When used for intraoperative sedation, dexmedetomidine (1 µg/kg
over a 10-minute period) results in a slower onset than propofol (75 µg/kg/min
over a 10-minute period) does but similar cardiorespiratory effects when titrated
to equal sedation. The average infusion rate of dexmedetomidine intraoperatively
to maintain a BIS index value of 70 to 80 was 0.7 µg/kg/hr. Sedation was more
prolonged after termination of the infusion, as was recovery of blood pressure.
However, lower doses of opioid were needed in the first hour.[685]
Clonidine in doses of 3 to 5 µg/kg orally, usually given
30 to 90 minutes before surgery, similarly reduces the MAC of the potent volatile
anesthetics (by 30% to 50%), reduces opioid requirements, attenuates the hemodynamic
response to intubation, and generally provides a more stable hemodynamic profile
intraoperatively,[659]
[696]
[697]
although significant bradycardia and hypotension
during and immediately after induction have been observed. This reduction in anesthetic
requirements also translates into more rapid awakening after surgery.[698]
Clonidine also reduces intraocular pressure, perioperative catecholamines, and postoperative
analgesic requirements and prevents the usual deterioration in renal function after
aortocoronary bypass.[659]
[698]
[699]
[700]
As
with
clonidine, intraocular pressure is decreased (33%), catecholamine secretion is reduced,
perioperative analgesic requirements are less, and recovery is more rapid after dexmedetomidine.
[701]
[702]
Maintenance of Anesthesia
Dexmedetomidine has also been used as a maintenance infusion starting
with a loading dose of 170 ng/kg/min for 10 minutes and then followed by an infusion
of 10 ng/kg/min. This regimen resulted in a plasma concentration of slightly less
than 1 ng/mL. After induction with
thiopental and 70% nitrous oxide, dexmedetomidine reduced isoflurane requirements
by 90% when compared with a control group.[703]

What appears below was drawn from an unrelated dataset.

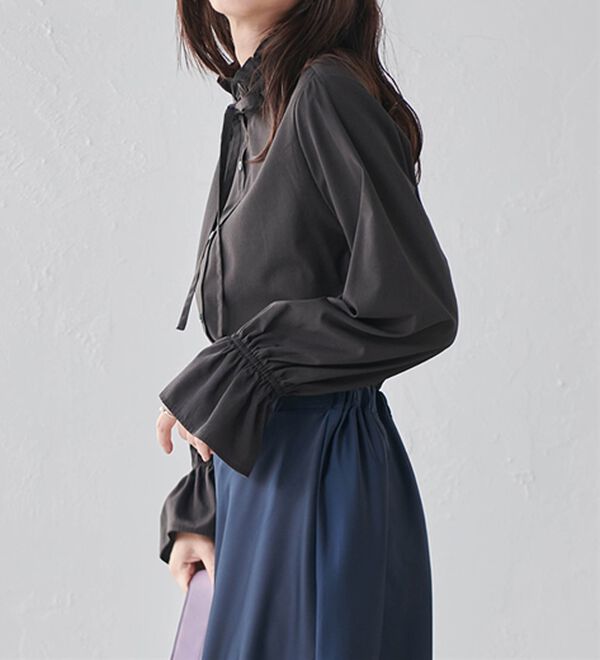 RANAN（ラナン）の「プチフリルリボン付きブラウス（ブラウス）」｜詳細画像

The interaction of dexmedetomidine, fentanyl, and enflurane on MAC reduction and
hemodynamics has been evaluated in dogs. This triple combination is complex, but
it appears that dexmedetomidine further enhances the MAC reduction of enflurane by
fentanyl. This triple interaction, however, does not seem to reduce the likelihood
of hypotension or brady-cardia when providing adequate anesthesia.[704]
In patients undergoing vascular surgery, three infusion rates of dexmedetomidine
were compared with a placebo infusion starting 1 hour before surgery and administered
until 48 hours after surgery. In the groups receiving dexmedetomidine, more vasoactive
agents were required to maintain hemodynamics intraoperatively, but less tachycardia
was noted postoperatively. No other significant differences were noted between the
groups.[705]
α2
-Adrenergic agonists possess many important
characteristics that are valuable for anesthesia. It would appear, however, that
at anesthetic concentrations in humans, the cardiovascular effects (hypotension,
brady-cardia) of these drugs may be the major drawback that prevents them from being
used as the primary anesthetic, and their role is therefore limited to use as an
adjuvant for other anesthetic drugs. The exact role of dexmedetomidine either as
a premedicant or as an intravenous anesthetic adjuvant is still to be determined.
However, dexmedetomidine appears to be a very effective sedative for patients in
the ICU, where it may provide advantages over other available sedatives because of
its minimal effect on respiration, its analgesic efficacy, and its hemodynamic profile.
The use of dexmedetomidine for long-term sedation needs further investigation.